The adaptive exam generally provides a more difficult question after correct responses or an easier one when the test taker has made a wrong answer. This is an efficient method for estimating ability because the test taker spends time responding only to items at an appropriate level of difficulty. Such evaluations are particularly useful when a score is quickly required for placement into one of various courses, and for determining proficiency under time constraints. Advances in test creation software have made it easier for Computer-Adaptive Testing (CAT) to be developed and modified with templates for placement, achievement and licensing purposes.
CAT development begins with a clear identification of assessment purpose and taking steps to ensure that it accurately measures an examinee's true proficiency level. To achieve this goal, a sufficiently broad range of content areas and skill tasks must be provided to evaluate a range of low to high proficiency levels. A calibrated item bank large enough to administer well-targeted items across the range of candidate ability is essential for effective computer-adaptive testing.

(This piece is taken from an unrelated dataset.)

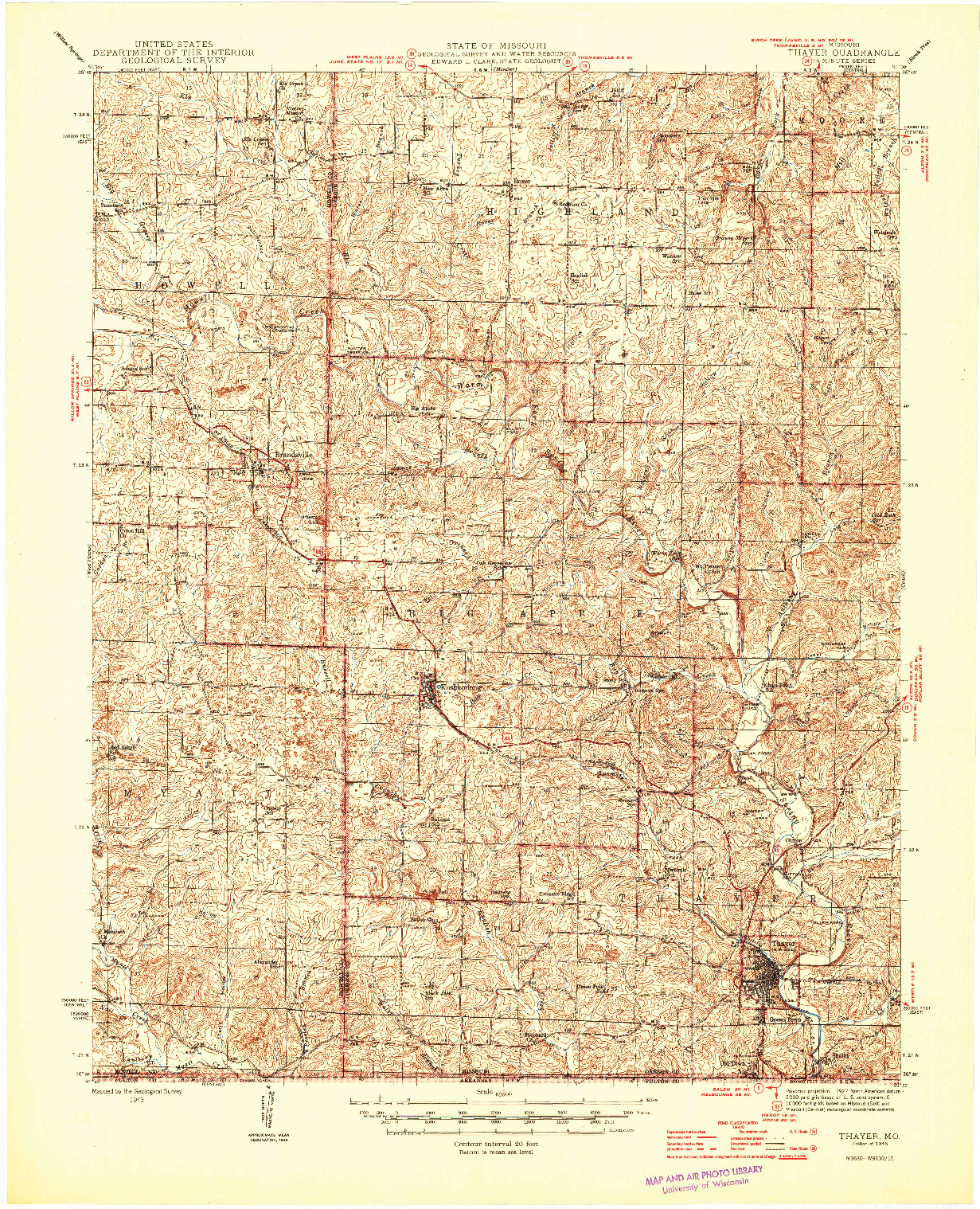 USGS 1:62500-SCALE QUADRANGLE FOR THAYER, MO 1946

In addition, the items need to include a variety of tasks. For example, to evaluate listening and comprehension in language learners, an exam creator could include items testing comprehension of the main ideas of a conversation or passage, recognition and recall of a conversation's details, identification of specific words and phrases used in a passage, and so forth. The item selection algorithm must constrain the selection of items not just on the difficulty level but also present a variety of designated tasks.

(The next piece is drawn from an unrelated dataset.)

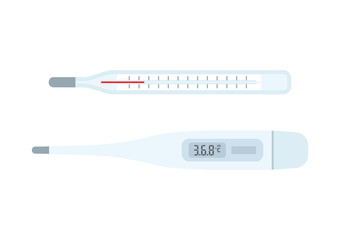 Medical thermometer. Flat style. isolated on white background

In an adaptive test, it isn't only the items that can be presented adaptively, but also the construct that the test measures can be adapted according to performance. The efficiency and storage capacities enabled by computer-assisted technologies can provide an expanded set of test issues, but this is dependent on the conceptual foresight of the test developers. It is important that expectations, instructions and the test format are clearly communicated to examinees before they take it to ensure reliability. First-time users should be introduced to the specific orientation of the hardware and test generator software, such as scrolling and adjusting audio volume. Providing a few relevant practice questions with equivalent structure and content will encourage a greater test validity and reliability.